Mu:Screen

Mu:Screen-Three generations of Chinese video art
1 June – 16 July 2010
UTS:GALLERY
Opening Tuesday 1 June 6-8pm
Contemporary Chinese art is now firmly established as a leading force in the
international art world. Operating independently of the commercial sphere, China’s video
art is gaining increasing attention for exciting and daring approaches as it questions a
broad range of issues.
Mu:Screen presents an historical over-view of Chinese video art and provides an
introduction to the breadth of themes and styles in this field. The exhibition includes
work by forefathers of the medium in China, Zhang Peili and Wang Gongxin, alongside
their proteges and new animations by recent graduates.
Including Zhang Peili, Wang Gongxin, Wu Junyong
Chen Shaoxiong, Kan Xuan and Ma Qiusha
Curated by Marie Terrieux
http://www.muscreen.com/
http://www.utsgallery.uts.edu.au/

Intreview
WU JUNYONG: SOCIETY OF THE ABSURD

A little character in a cone-shaped hat has been the focus, muse and hero for Wu Junyong’s creative practice for the past five years. This character has made his appearance in paintings, watercolors, prints, paper cuts, video animation and, more recently, in laser cut brass. With his mischievous smile and caustic gaze on society, the figure could well be Wu himself (they do look conspicuously alike), crossing the oceans and swimming through the centuries that make up the unique and ludicrous carnival that is the landscape of Wu Junyong’s work.

Wu’s protagonist first appeared in 2003, and began wearing his distinctive hat in 2005 as a symbol of power. Just as the king wears a crown, his headdress represents the pyramidal shape of a society that mirrors his own. With a decidedly black humour, we are shown the absurdity of this society’s order, the brutish behaviour of many of its participants and the role that each of us also plays in its construction.

The son of a wood engraver in Fujian province, Wu Junyong always loved to draw, and even in the years before art school had begun to record what he saw as the idiocies of the world around him. This need for critical expression in Wu led to the development of his own visual dialect – a patois of mockery, myths and iconography inspired by classical humanists like da Vinci and Dürer, and their secular explorations of the human being.

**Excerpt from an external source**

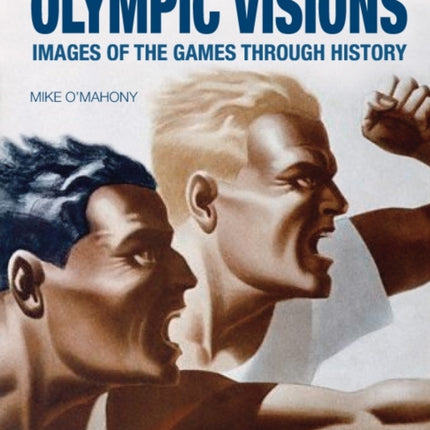 Olympic Visions Images of the Games Through History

Wu’s work over the last five years has seen an evolution from the personal and physiological to more public, sociological issues. The quasi-hysterical Wait Us Rich (2005) expresses an obsession with the body, with a rash, and almost gross, visual vocabulary; the Opera Series work, Parade (2006), is preoccupied with sexuality and its fantasies; while in the more recent Flowers of Chaos (2010) personal concerns have been overtaken by questions relating to history and society’s manipulation of human beings.

Wu Junyong has said the use of new media allows him to fulfil many dreams and expectations on a relatively low budget, the ink and the computer side by side on his desk.

Wu’s art practice has developed over a twelve-year period in the relatively peaceful and moderately sized Hangzhou; however he recently moved to experience the challenges and stimulations of the large city of Beijing. Using the computer terminology of his generation, Wu describes this move as hitting the ‘refresh’ button on his practice.